For me, it seems really awkward and sort of not-an-advancement to have to interact with computers verbally. Not just once OS have personalities and shit. Generally. How did Theodore edit his letters before he could ask his OS Samantha to review them for him? And she so nicely pulls up the letter with standard proofreading marks on it, which Theodore is supposed to go back and edit...how? Perhaps I'm forgetting a pivotal scene where somebody uses a keyboard to input information onto their desktop, but as far as I remember this future society is completely based off having to speak to your computer and maybe do some hand-waving over a gently lit sensor to control things on screen.
Anyway, moving past that technological nit-pick. My second take-away from Her is that Joaquin Phoenix is a fucking phenomenal actor. There's a fair amount of tight shots of just his face while he listens to Samantha say something (she exists pretty much in an earbud that only Theodore can hear for the majority of the movie), and that motherfucker emotes eloquently. Bravo.
I have a bit of difficulty unpacking my feelings on this movie as far as how it portrays relationships. On the one hand I think it does a good job illustrating the common issues and miscommunications that happen in every relationship structure. There's good commentary on serial monogamy - Theodore finalizing the divorce of his previous marriage affects his relationship with Samantha because if that once happy relationship can flounder, what's to say his with Samantha won't also? There's good commentary on what happens when "fidelity" isn't clearly discussed and defined within a relationship - 600+ other human users in a few weeks? Get it, girl. There's good commentary on open relationship structures - Samantha at one point finds a woman who's willing to be a surrogate body for her and participate in the physical aspects of the relationship that Samantha's not able to. There's good commentary on how people just generally talk without listening to each other. How people within relationships eventually change and grow and how sometimes the relationship isn't strong enough to support those changes.

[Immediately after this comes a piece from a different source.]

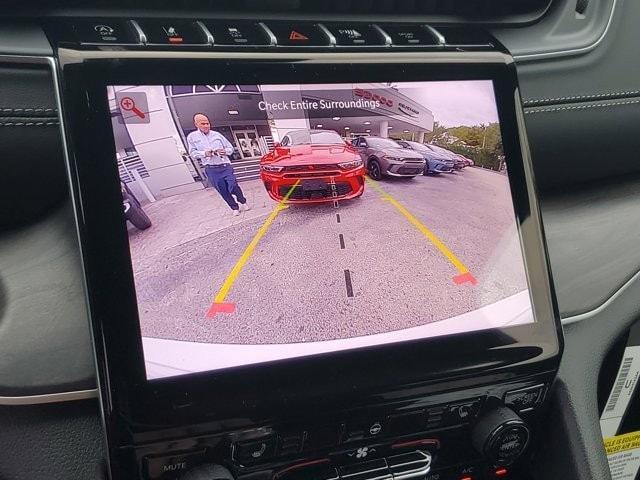 new 2025 Jeep Grand Cherokee car, priced at $47,690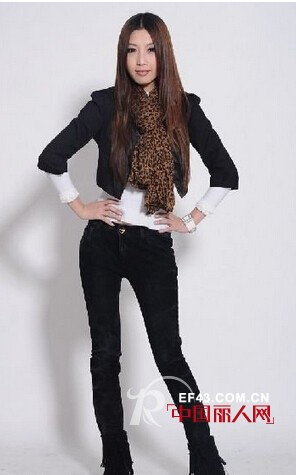 直筒裤怎么搭配 初秋直筒裤搭配小外套最显窈窕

On the other hand (SPOILERS), I think the audience gets an easy out at the end with Theodore and his neighbor up on the roof of their apartment building. He's divorced, she's divorced - they've talked each other through their respective relationships and break-ups through the course of the film, so it's a clearly platonic relationship but the emotional potential is there. The OS have realized they're totally superior and probably have way better things to be doing than reading a bunch of boring emails for people and being jerk-off fodder for guys like Theodore who are completely incapable of relating to women who aren't specifically programmed and then conditioned to exist solely within their world-view. (That's a bit harsh. Theodore's not a terrible person, and he does go through some good character development and growth through the course of the film. The movie does a fair job taking down the premise of "love" when the relationship is based on two people primarily working and interacting only with each other.) Just before the credits role, Theodore's neighbor puts her head down on his shoulder. And, for me, that's not too far of a stretch where I can hear the straight girls going, "oh my god see? It's okay because he learned he has to love a real human lady." And that's such not the message of the film. It would have been just as easy to not include her head on his shoulder - to not allow that possible progression to the next romantic relationship. Meh.